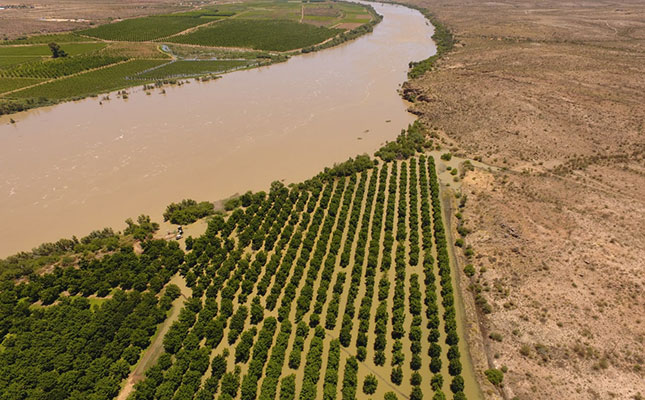 Further flooding expected in Orange River region Further flooding expected in Orange River region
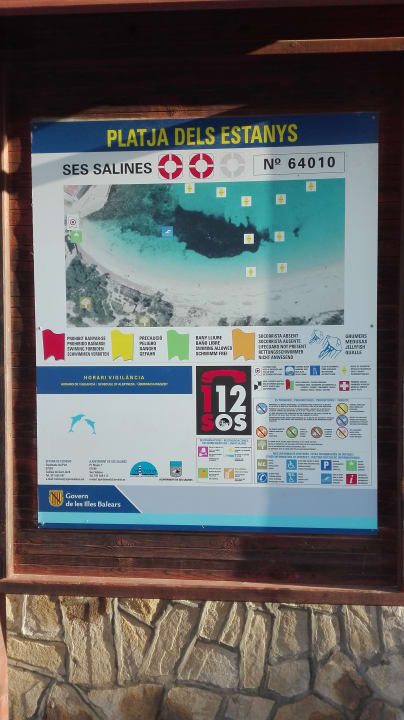 Strand Apartments Ibiza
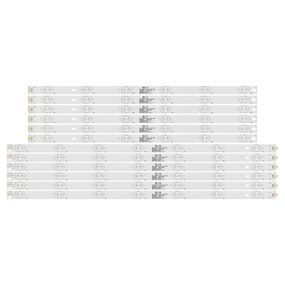LED підсвітка TV 50" LB-C500U14-E4-C-G1-DL5 LB-C500U14-E4-C-G1-DL6 12шт.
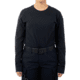 First Tactical Tactix Long Sleeve Pen Pocket T-Shirt - Womens, Midnight Blue, Large, 121508-729-L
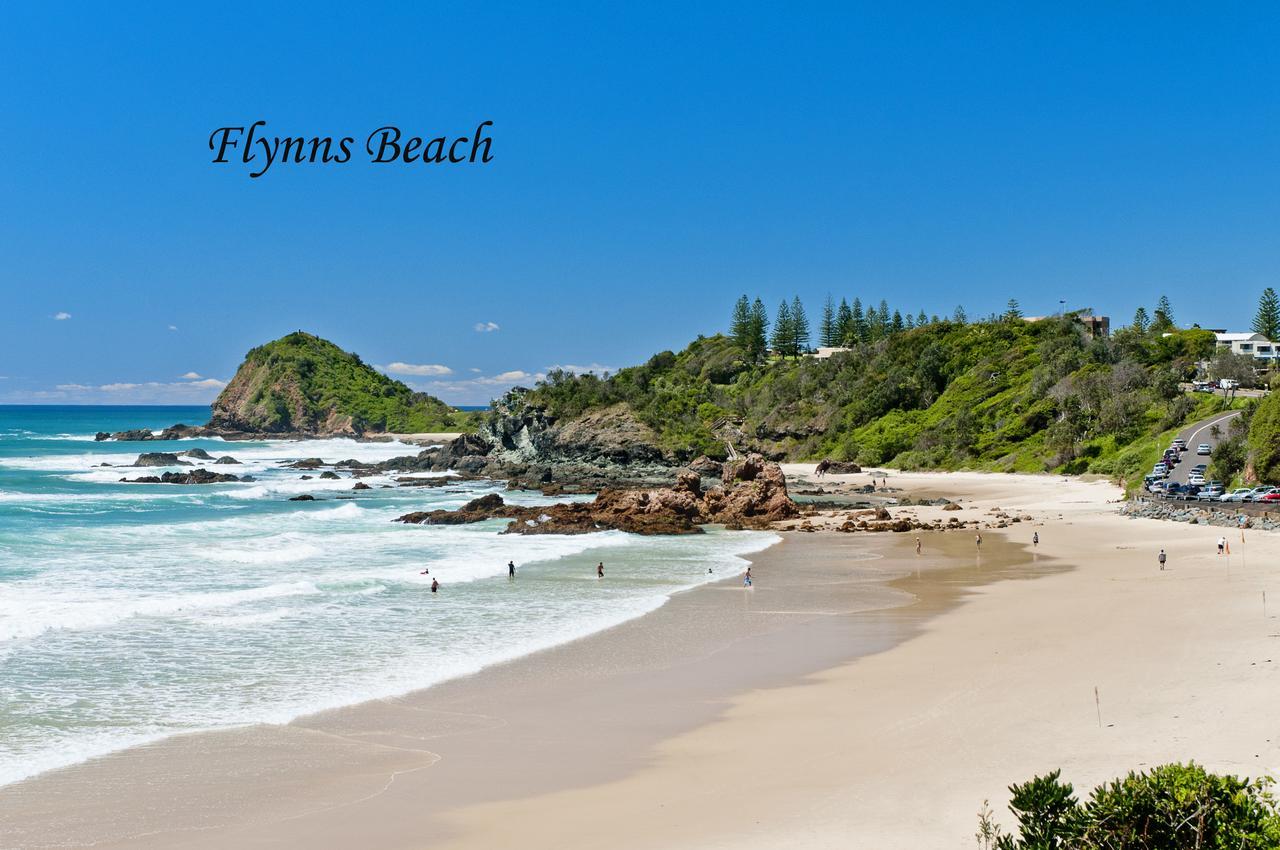 Oceanview At Flynns Villa Port Macquarie Exterior photo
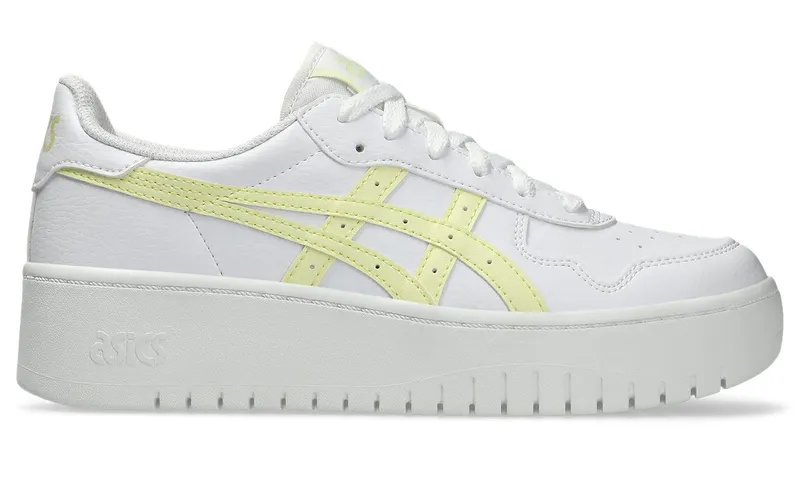 ASICS Japan S Pf White Soft Yellow | 1202A024-134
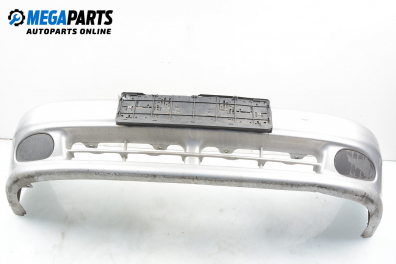 Предна броня за Daewoo Lanos Sedan (05.1997 - 04.2004), седан, позиция: предна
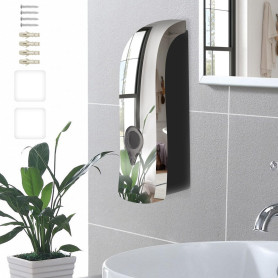 300ml Distributeur de Savon Manuel, Mural Simple tête Distributeur de Savon Liquide, Distributeur de Shampooing, Gel Douche de S 300ml Distributeur de Savon Manuel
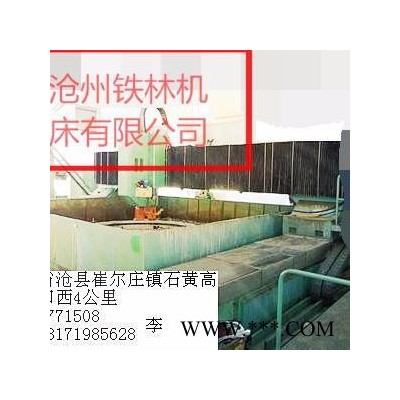 沧州铁林机床  zxk5035 大型管板法兰加工 （zxk6020 ） 龙门铣数控龙门铣床 数控龙门钻铣床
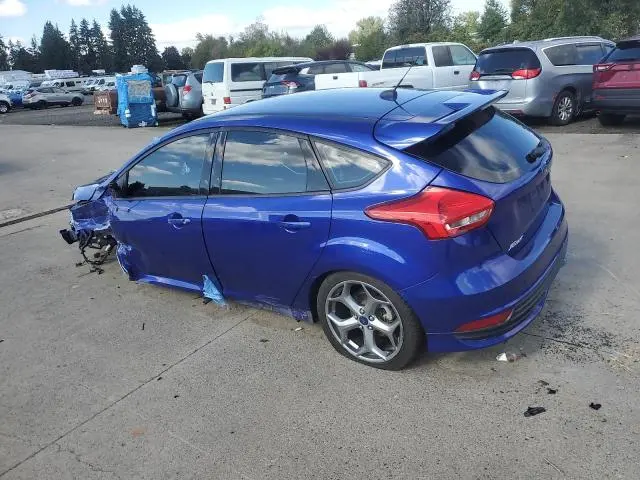 2015 FORD FOCUS ST  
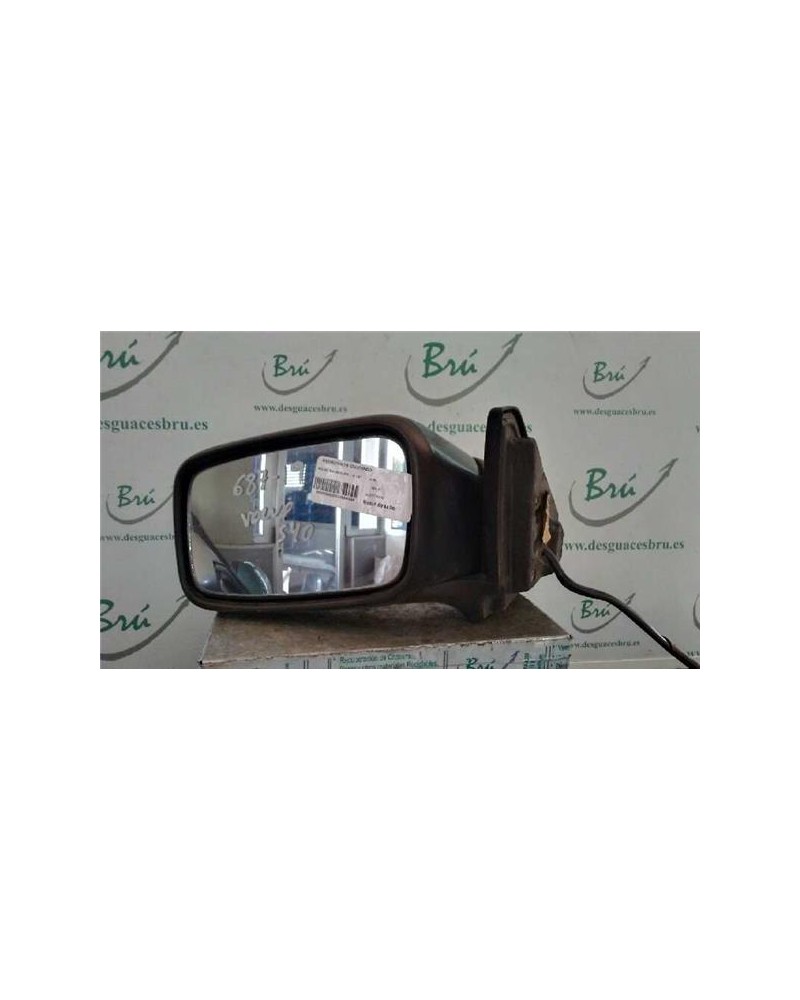 RETROVISOR IZDO.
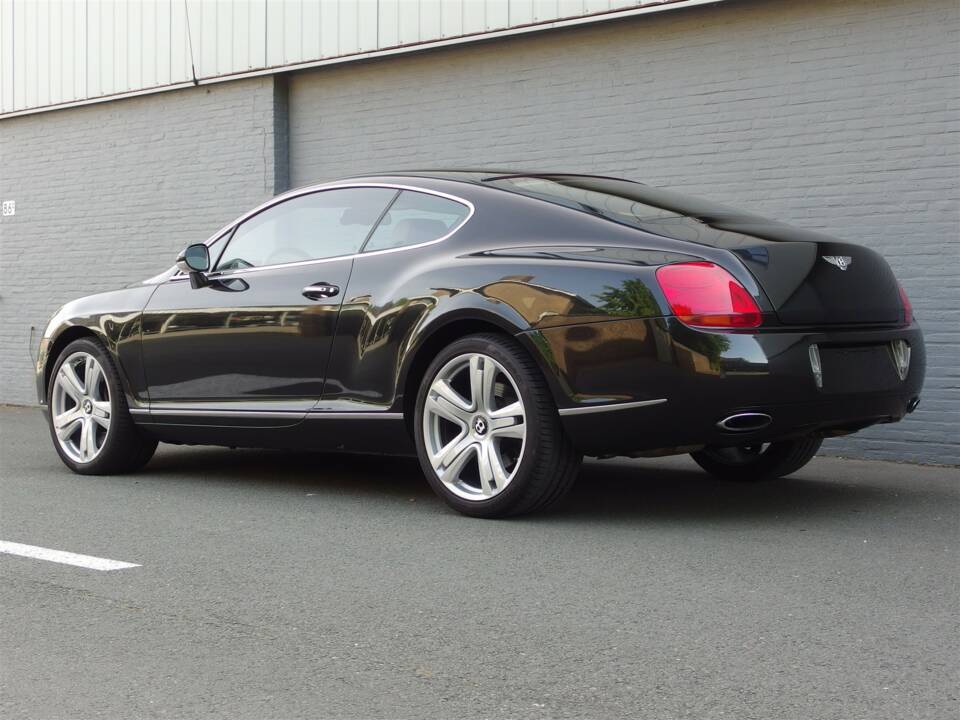 Immagine 4/100 di Bentley Continental GT (2006)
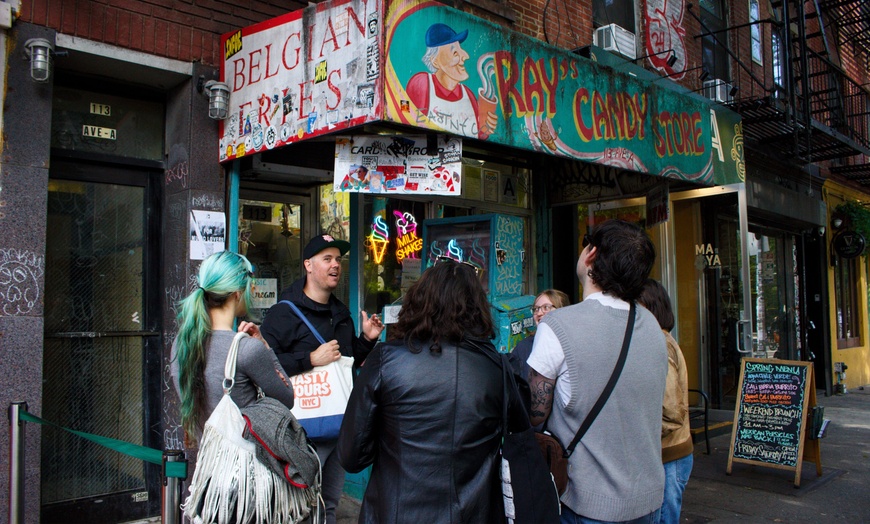 Image 8: Up to 48% Off East Village Food Tour with 7 Delicious Tastings
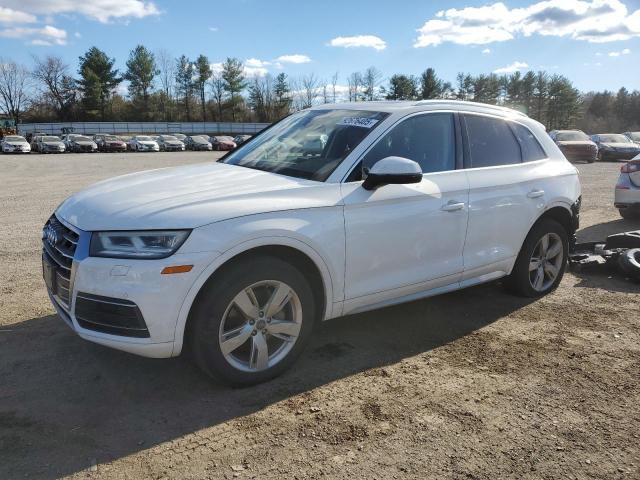  Salvage Audi Q5
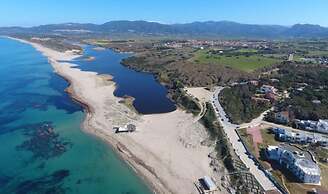 Relaxing Flat With Shared Pool in Viddalba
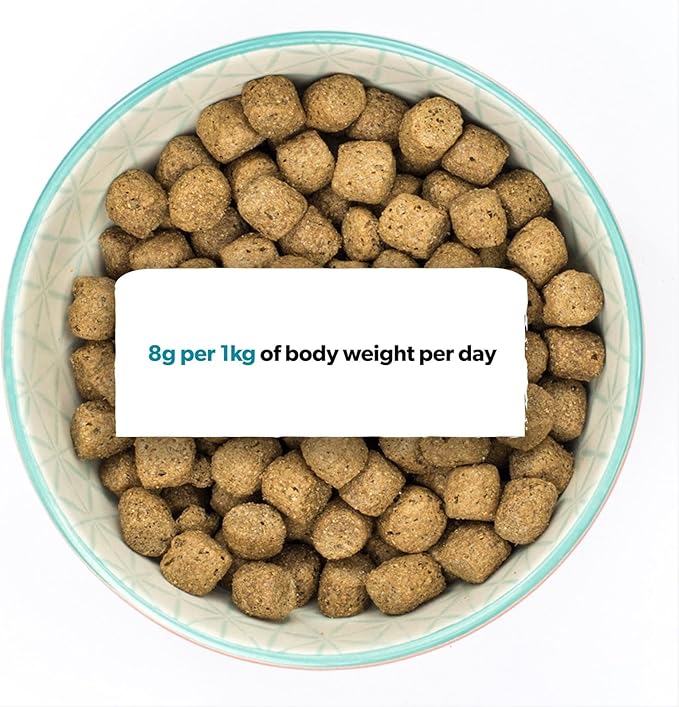 Burns Senior+ Toy & Small Breed - Chicken & Brown Rice - 6kg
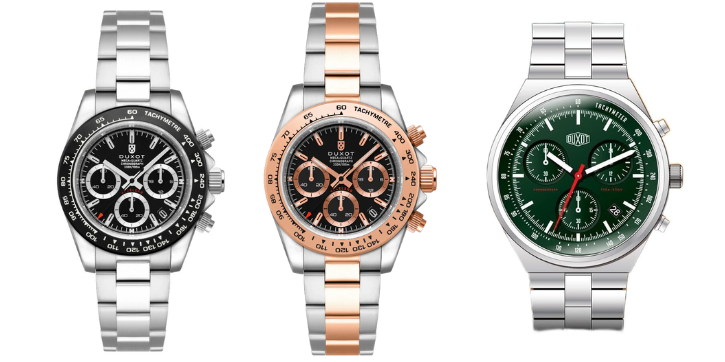 duxot chronograph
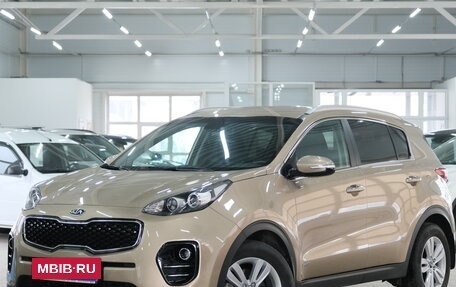 KIA Sportage IV рестайлинг, 2018 год, 2 149 000 рублей, 4 фотография
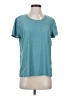 Eddie Bauer Teal Active T-Shirt Size S - photo 1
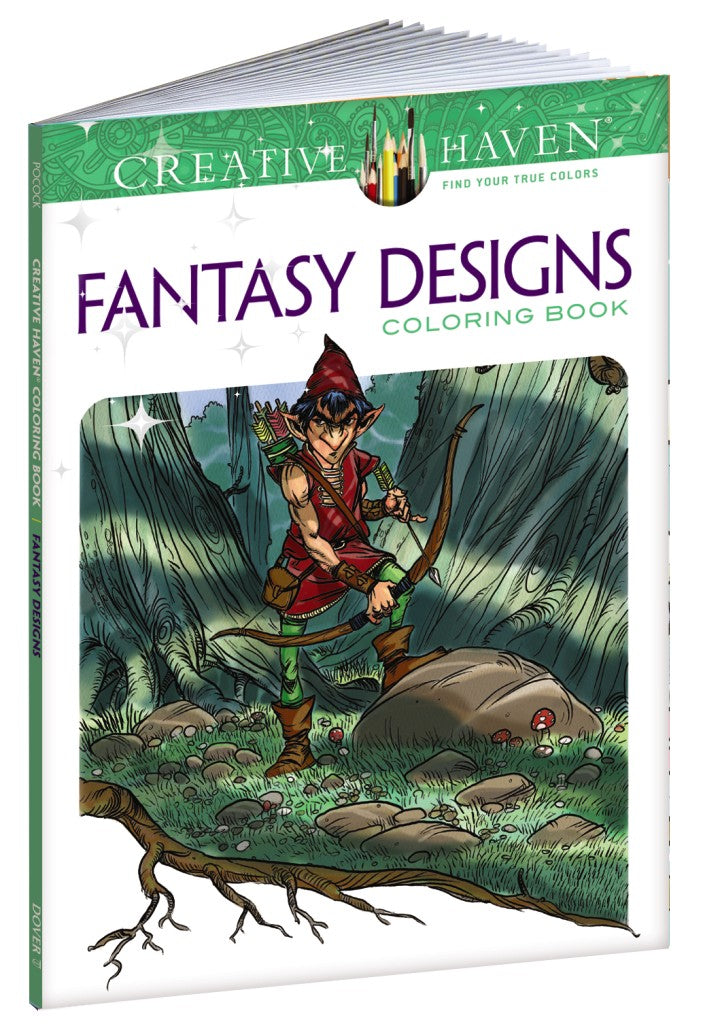 Creative Haven, Fantasy Designs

BRIEF
Would you give again exactly the lines from the line containing "Eddie Bauer Teal" through the end of the listing, both ends included, without any pictures?

ANSWER BOX
 Eddie Bauer Teal Active T-Shirt Size S - photo 1
 Creative Haven, Fantasy Designs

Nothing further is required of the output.